Partners do not have a separate legal personality to the business. This means they will be personally liable for its debts and any losses incurred – and they bear the burden of unlimited liability.
A partnership that has no specified duration can be dissolved at any time, potentially creating insecurity and instability for the remaining partners. Dissolution can lead to the entire partnership ending. This can lead to disagreement between the remaining partners who may not be in a financial position to buy out the out-going partner’s share of the business.

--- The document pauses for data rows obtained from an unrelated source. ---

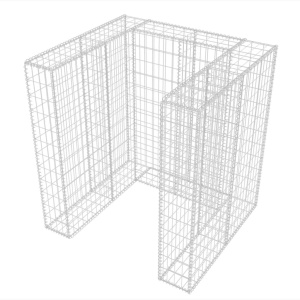 Gabion unic ingrădire pubelă, oțel, 110 x 100 x 120 cm - Img 5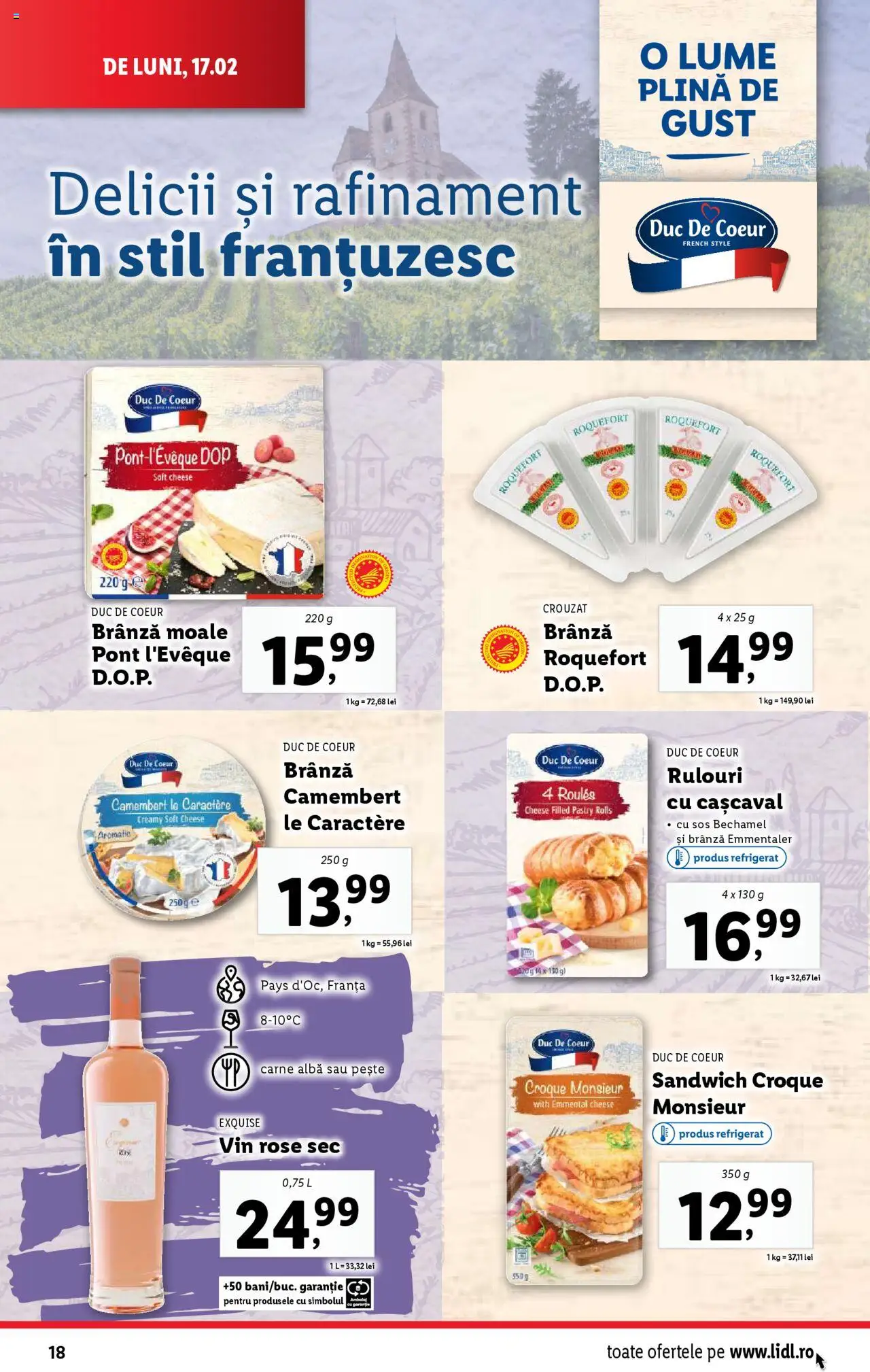 Catalog LIDL 17 - 23 Februarie 2025 | Pagina 18 | Produse: Delgeç, Cașcaval, Vin, Pește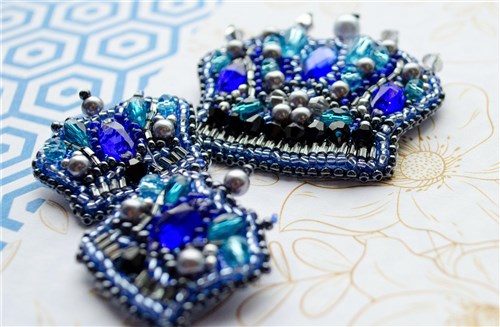 Crown Bead Embroidery Kit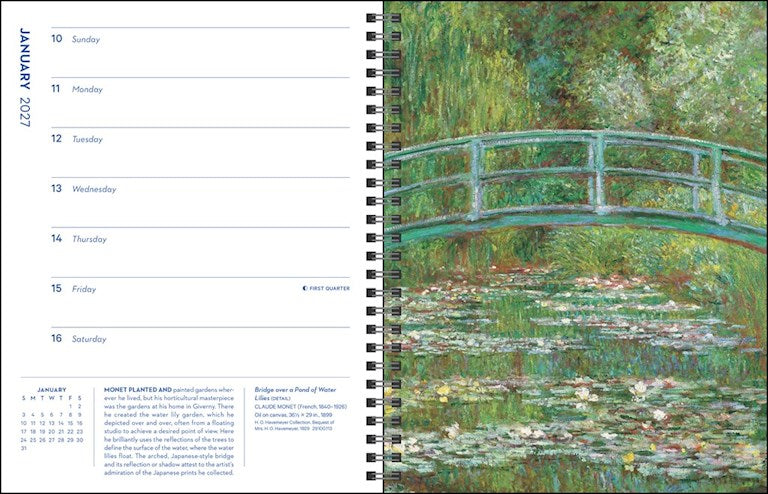 ABRMS The Met Masterpieces 12-Month 2027 Engagement Calendar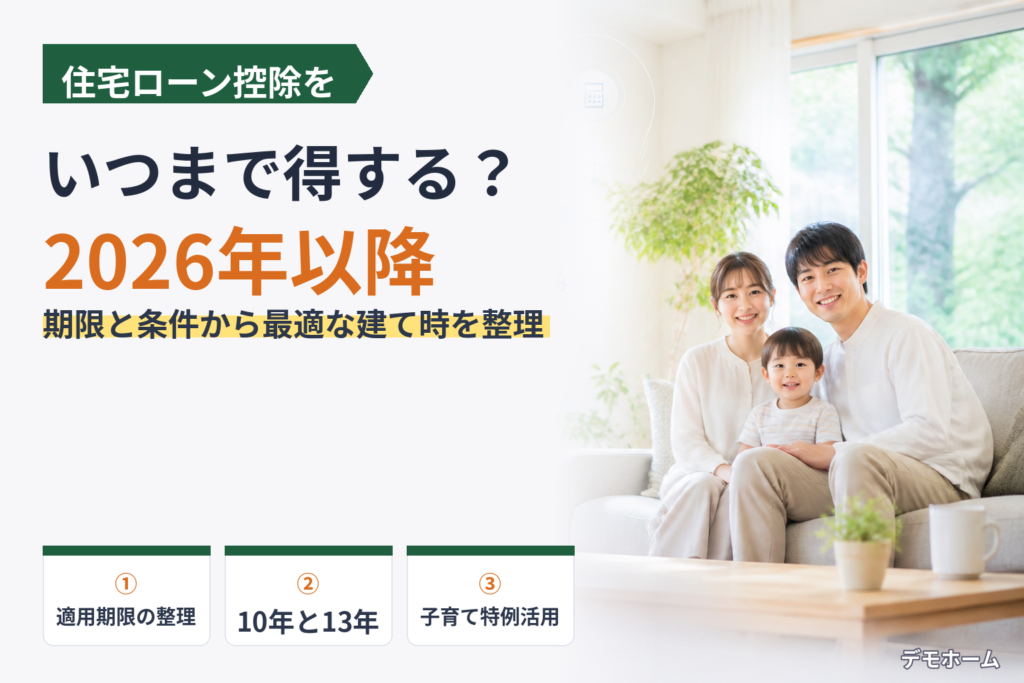 住宅ローン控除はいつまで？2026年以降も見据えた家づくり完全ガイド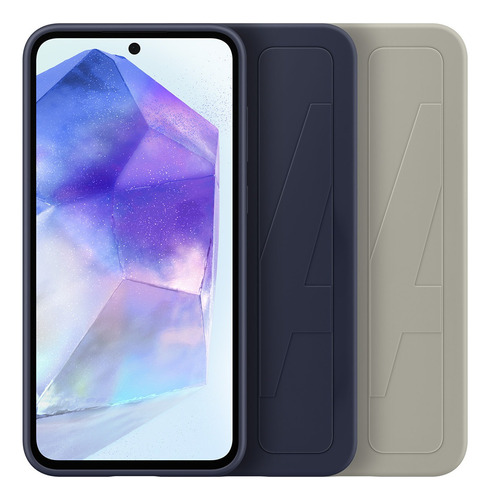 Funda Para Galaxy A55 Standing Grip Cover Color: Gray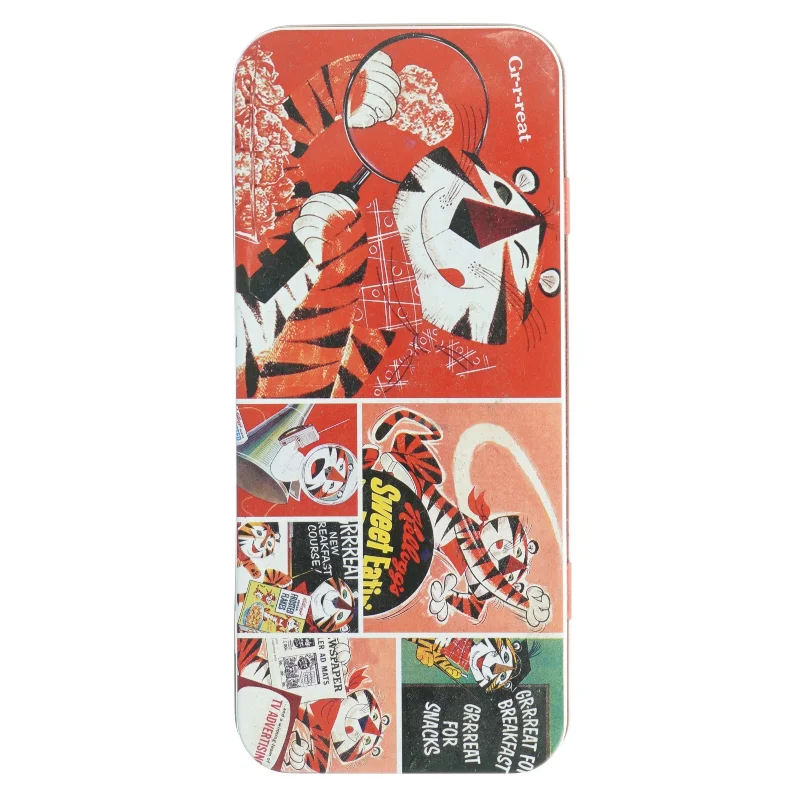 Metal kagedåse med retro design (str. 26,5 x 22 x 10 cm)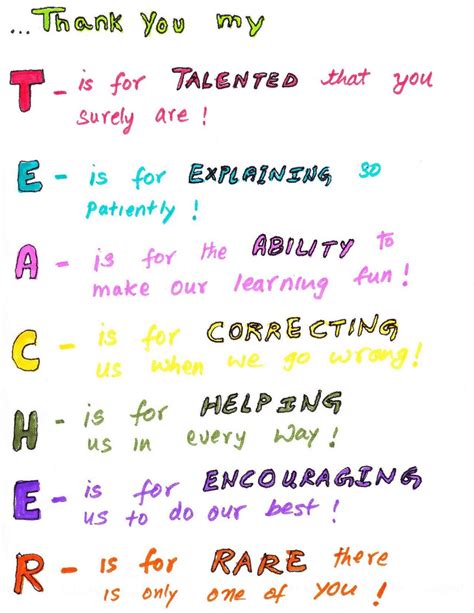 View a situation from the perspective of a. Kavitha's Craft projects: Teacher Appreciation Week 2011 ...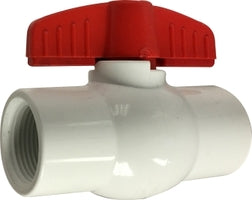 1-1/2" White Ips Pvc Ball Valve 940288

Roles and Responsibilities of the Partners
Responsibilities to respective partners
The common law imposes a duty of utmost fairness and good faith on one partner to the others. In addition, the Partnership Act 1890 sets out specific principles in sections 28-30:
- the partners must divulge to one another true accounts and all relevant information connected with the business and their relationship
- to share any profit or benefit received, without the consent of the partners, in connection with the partnership or from carrying on a competing business
- the duty not to compete with the partnership without the others’ consent
The provisions of the Partnership Act apply by default if there is no formal partnership agreement in place.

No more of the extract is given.